In the 70’s, Lindsey Buckingham became fascinated with the punk and new-wave movements and he was impressed by their vitality and openness to fresh ideas. The rest of the band wasn’t impressed and this rift never really healed. The results of that tension was the record Tusk, a weird disjoint affair, but Buckingham’s songs were just amazing and fresh, and, taken as a whole, form one of the classic new-wave records. Is there another rock group that relased a song as weird as “Tusk” at the height of their popularity?

The tension between Buckingham’s solo ideas and the band eventually caused his departure from the band in 1987. He had used a number of his solo album tracks to finsh and rescue the sinking band album Tango In the Night and then he left because the rest of the band was pressuring him to tour instead of finishing his solo album. Now time has passed, and he’s had a pretty good solo album Out of the Cradle sink commercially, and he says he’s gotten over the romantic tensions he’d had with Stevie Nicks and that ten years has given him more appreciation of the talents of the other members.

The consensus seems to be that the band has never played better live, and comparisons to the “Tusk” tour bootlegs and the “Fleetwood Mac Live” record bear that out. They have taken care to work within their limitations: singers have transposed songs, they have wisely offloaded some parts to backup players and singers and god knows what other studio mixing is happening. All the members seem to finally be clear of substance abuse problems, and the performances are recorded with clarity and precision.

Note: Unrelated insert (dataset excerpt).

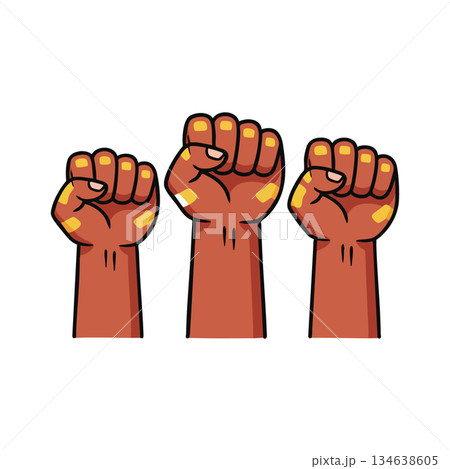 Raised fists symbolizing unity strength and empowerment in social justice movements vector illustration 134638605
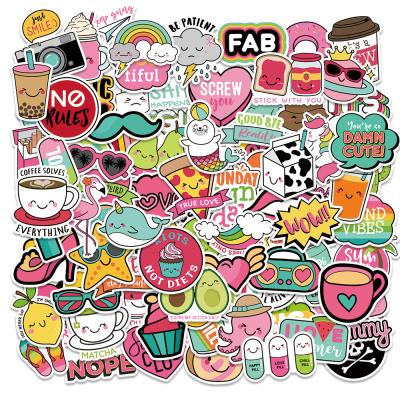 China No Repeating Waterproof Vinyl PVC Sunscreen 100PCS Cool Stickers New Cartoon Small B For Car Guitar Phone Water Bottle Luggage Skateboard Laptop Stick for sale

And some of the performances are dynamite. Stevie Nicks is actually singing pretty well, and she gives an emotional performance of “Landslide” with just Lindsey backing her. They wrote the song together before they joined Fleetwood Mac, and it seems to be about her getting the courage to leave Lindsey. But while a song about fearing age seemed precious when sung by a twenty-something, it actually takes on some weight when sung with thirty years of hindsight. In the video performance they look like they’re nearly in tears and they embrace at the end. It’s actually a pretty genuinely moving moment in an event whose financial import casts doubt on the honesty of all emotions and motivations.

Lindsey Buckingham has been in the studio and on the road and his skills are quite intact. He fingerpicks a startling solo version of “Big Love” (the same one from his solo tour), and he contributes two new songs: “Bleed to Love Her” which is a pretty song which is a rewrite of his older song “You Do or You Don’t”, and the awesome “My Little Demon”, which is the highlight of the whole disc. It’s a real rocker with a great strange whirring theremin sound (reminicent of the odd toylike noises from his Go Insane period) that hopefully will be a track on his solo record.

The other new songs, “Temporary One” by Christine and “Sweet Girl” by Stevie are honest but average songs that are not really stretches for these two songwriters. And “Silver Springs” is practically a new song by Stevie, since it’s been nearly unknown since it was dropped from Rumours due to length, but this old favorite has been resurrected and it’s a memorable love song that deserves some kind of easy access, maybe even Stevie Nicks’ best song.

The disc ends disappointingly with versions of “Tusk” and “Don’t Stop” with the USC Marching Band, who make a lot of noise and fuss and play rather poorly. “Don’t Stop” is at heart a pretty charming shuffle with snarling guitar which is a desparate plea from Christine to the depressive John to snap out of his alcoholic depression. But constant FM airplay has stripped it of meaning, not to mention campaign stumping, and here all the extra brass and fuss crush the life out of this song. And “Tusk”, which was once a kind of declaration of creative independence, is similarly steamrolled. Lindsey is yelping and yelling and moaning in his strange and individual way, but he’s buried by waves and waves of spectacle. Which is quite a good metaphor for this whole Fleetwood Mac reunion phenomenon. Honesty and passion that, at its best, rises above and out of a drowning sea of hype and spectacle.